This is an action by Gilbert Reich and Frances Reich, his wife, against Pine Lawn Bank and Trust Company, to recover an amount charged by defendant as interest on a loan alleged to be in excess of the legal rate of interest together with an attorney’s fee as authorized by § 408.050 RSMo 1959, V.A.M.S. Defendant filed a counterclaim to recover an amount of interest alleged to be due and claimed to have been rebated without consideration. The trial resulted in a verdict for plaintiffs on their cause of action in the principal sum of $799.42 plus an attorney’s fee of $600.00, and against defendant on its counterclaim. From the judgment entered on this verdict defendant has appealed.
*546The petition alleged that on May 1, 1957, plaintiffs entered into a conversation with the President of defendant relative to borrowing $20,000.00 to be secured by a deed of trust on premises owned by them; that they advised defendant that it was their intention to refinance their property so as to consolidate several loans, approximately one year from said time; and that they would make principal payments of $400.00 per month during that year.
It was further alleged that defendant, through its officer and agent, advised plaintiffs that defendant would make them a loan of $20,000.00 with the understanding that it would be paid in approximately one year, with interest at eight percent (8%) on the unpaid balance, but that in view of the small monthly payments, and in order to have the loan approved it would be necessary for plaintiffs to execute paper showing a total indebtedness of $24,000.00, payable in sixty monthly installments, together with a separate note in the sum of $20,000.00 payable in six months secured by a deed of trust to be held as security for the payment of said indebtedness.

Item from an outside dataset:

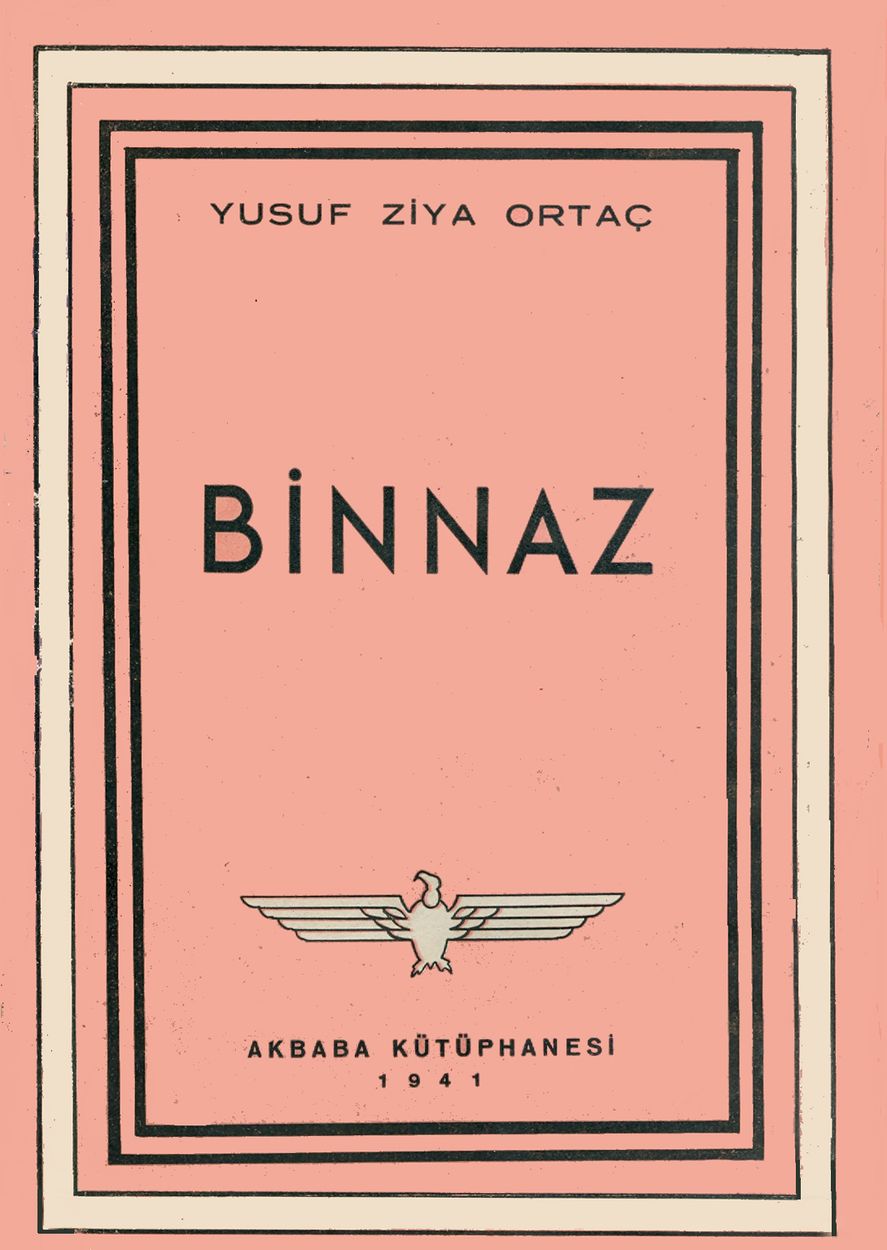 Binnaz (Paperback)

It was then alleged that said instruments were executed and that plaintiffs made payments on said indebtedness of $400.00 per month for twelve months; that at the end of said period plaintiffs offered to pay the principal indebtedness then due, with interest on the unpaid balance at eight percent (8%); but defendant failed and refused to accept same, and refused to release the deed of trust until the entire balance was paid, plus an interest charge of $2,399.00 for the period of time involved.
It was further alleged that the representations made by defendant, through its president, to the effect that defendant would allow plaintiffs to repay the principal within one year, and would charge eight percent (8%) for the use of said money, were made with the intention of misleading the plaintiffs, and was part of a scheme to defraud plaintiffs and to exact usury in connection with said loan; that plaintiff relied upon said representations and in reliance thereon entered into the loan and executed said papers; that final payment of said loan was made June 4, 1958.
It was further alleged, that taking into consideration the payment of $400.00 per month, or $4800.00 for the year, interest at eight percent (8%), the agreed rate, would amount to $1,408.00; that the interest charged by defendant in excess of said sum was $991.00 and constituted usury under the statutes. It was then alleged that this action was brought under said statutes (Sections 408.030 and 408.050, RSMo 1949, V.A.M.S.) ; that the fraudulent representations, the taking of two notes and the exaction of $991.00 in addition to eight percent (8%) for the use of the money were all part and parcel of a scheme to exact usury from plaintiffs. The prayer of the petition was for judgment for $991.00, $2500.00 attorney’s fees and costs.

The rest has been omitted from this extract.